El padre Mendieta, en su crónica sobre los dioses aztecas, describe a Quetzalcóatl como “hombre blanco, de barba grande y redonda”. Este detalle, sumado a los testimonios de los emisarios ante Moctezuma que relatan la sorpresa de los mexicas ante los conquistadores “blancos y barbudos”, confirma que el vello facial era un rasgo exótico en Mesoamérica. Por tanto, las imágenes de un Juan Diego barbudo son iconográficamente inverosímiles y producto de la influencia europea.
Conclusión
La revisión interdisciplinaria de las evidencias —históricas, etnográficas y botánicas— refuerza varios de los aciertos de Aste Tonsmann en la reconstrucción del episodio guadalupano.

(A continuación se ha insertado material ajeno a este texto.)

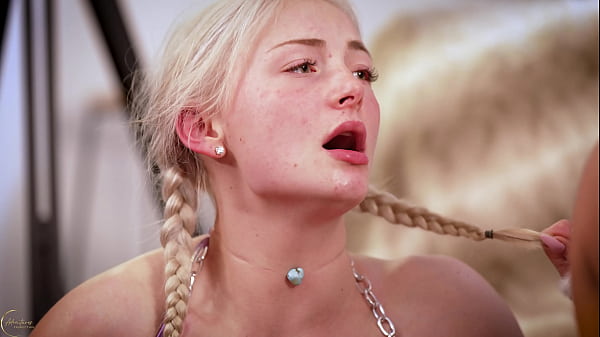 Le Duo Lesbien Avec La Blonde &agrave; Gros Seins Ana&iuml;s Delikaltess Se Transforme En Trio Avec Gael Braga thumbnail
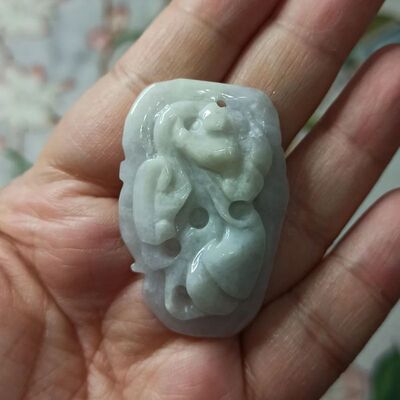 翡翠吊坠雕刻件手把件飘花蝙蝠
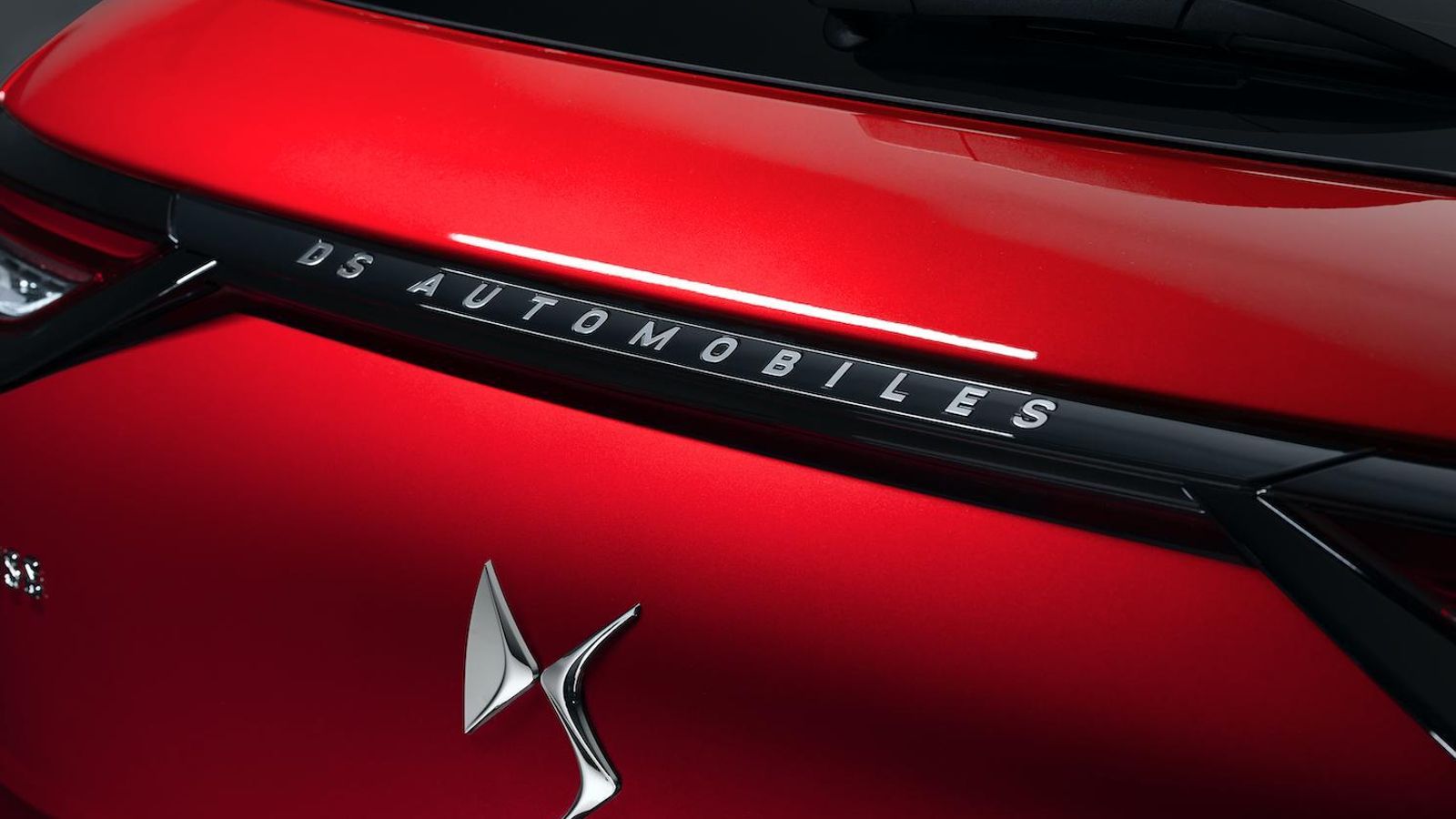 Es la tira que une los dos pilotos, en plástico lacado, el elemento que distingue a estos DS 3 2023.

El uso ocasional del sombrero puede considerarse plausible dentro del contexto posconquista; la presencia de flores en diciembre, en cambio, apunta al carácter sobrenatural del relato; y la ausencia de barba en el rostro de Juan Diego resulta plenamente coherente con los rasgos físicos y la cultura material de los macehualli del siglo XVI.En consecuencia, la iconografía tradicional que representa al vidente como un hombre barbado debe ser revisada a la luz de la evidencia antropológica. El verdadero rostro de Juan Diego —el campesino nahualt que fue testigo del acontecimiento del Tepeyac— probablemente se asemeje más al humilde indígena sin barba revelado por los ojos de la Virgen que a las idealizaciones pictóricas de la colonia.
FUENTE
Benítez, J. J. (1982). El misterio de Guadalupe: Sensacionales descubrimientos en los ojos de la Virgen mexicana (pp. 202–206). Editorial Planeta.